Image of book cover for Linked Data for Libraries, Archives and Museums
Linked Data for Libraries, Archives and Museums: How to Clean, Link and Publish your Metadata

Authors: Seth van Hooland and Ruben Verborgh
Paperback: 272 pages
Publisher: ALA Editions (07/08/2014)
Language: English
ISBN-13: 978-0-8389-1251-5


There are a lot of great resources that document linked data fundamentals and best practices out there (here, here, here, and here to name a few).

But despite all of these resources being widely available and freely accessible online, the discussion still suffers from being a little too abstract or scattered for the beginner or even folks who have regular interaction with data and work within a cultural heritage setting but have not had much experience with linked data. Where linked data is often a practice driven by the particularies of a use case, many resources use examples that are tied too closely to the context in which they are used. Or, on the other hand, to avoid specifying any particular use case, many instructional resources on linked data can stray more towards a self-referencing parade of acronyms, which is great as a refresher, but not for those starting out.

Though I work in a library setting and have sat down with linked data concepts and examples more than a few times already, I don’t yet use them in my regular work. Possibly as a result of that, I admitedly have struggled with what linked data exactly is and how to implement it in the work I do. I also definitely could have used a better understanding of its theory and practice in working up my last post.

The challenge for Linked Data for Libraries, Archives and Museums is to create a coherent introduction and efficient, accessible demonstrations for a practice that is not so easy to summarize in one shot. Linked data is not a single piece of software or one well-established metadata schema. It is rather a mingling of schemas and data structures, varied technologies, and data management practices. It is a workflow where best practices are emerging, but some are still better than others. To make things more difficult, it is a practice for which explanations and principles vary slightly depending on whom you ask (e.g. Librarian or Computer Scientist. Digital Humanist or Web Developer).

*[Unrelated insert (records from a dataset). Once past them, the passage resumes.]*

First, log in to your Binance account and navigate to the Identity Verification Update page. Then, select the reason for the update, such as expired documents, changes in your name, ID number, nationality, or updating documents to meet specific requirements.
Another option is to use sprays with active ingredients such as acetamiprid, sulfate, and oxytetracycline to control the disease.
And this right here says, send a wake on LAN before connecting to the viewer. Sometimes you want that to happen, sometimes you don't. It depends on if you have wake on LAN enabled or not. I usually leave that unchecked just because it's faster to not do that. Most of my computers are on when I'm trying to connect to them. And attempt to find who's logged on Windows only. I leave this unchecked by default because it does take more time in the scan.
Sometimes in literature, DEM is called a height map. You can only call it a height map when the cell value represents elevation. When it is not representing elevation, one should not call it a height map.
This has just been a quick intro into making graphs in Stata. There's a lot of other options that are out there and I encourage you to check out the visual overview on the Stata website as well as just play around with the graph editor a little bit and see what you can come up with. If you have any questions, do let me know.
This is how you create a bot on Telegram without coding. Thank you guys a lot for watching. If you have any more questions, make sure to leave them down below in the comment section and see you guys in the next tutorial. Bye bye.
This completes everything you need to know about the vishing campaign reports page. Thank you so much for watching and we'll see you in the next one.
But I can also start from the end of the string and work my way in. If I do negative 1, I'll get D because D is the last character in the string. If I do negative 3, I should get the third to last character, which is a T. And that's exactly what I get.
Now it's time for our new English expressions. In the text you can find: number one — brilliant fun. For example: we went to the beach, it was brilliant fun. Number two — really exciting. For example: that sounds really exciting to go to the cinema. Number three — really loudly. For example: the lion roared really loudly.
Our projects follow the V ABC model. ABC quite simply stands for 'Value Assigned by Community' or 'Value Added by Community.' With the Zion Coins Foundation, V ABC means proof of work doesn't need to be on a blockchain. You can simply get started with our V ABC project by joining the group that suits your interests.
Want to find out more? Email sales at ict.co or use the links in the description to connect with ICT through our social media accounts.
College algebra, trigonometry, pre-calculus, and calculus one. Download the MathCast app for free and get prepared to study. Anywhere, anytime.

Linked Data for Libraries, Archives and Museums precipitates many of the challenges a newcomer to linked data might experience. And does so in a way that is driven by pragmatics, using a variety of different example datasets and use cases from different institutions. In this manner, it is nicely assembled for cultural heritage professionals grappling with how linked data might work at their own organizations. By establishing a single, coherent voice and a specific focus on LAM organizations, this book meets a need for providing a basic introduction to a set of ideas where it is often difficult to figure out where one ought to start.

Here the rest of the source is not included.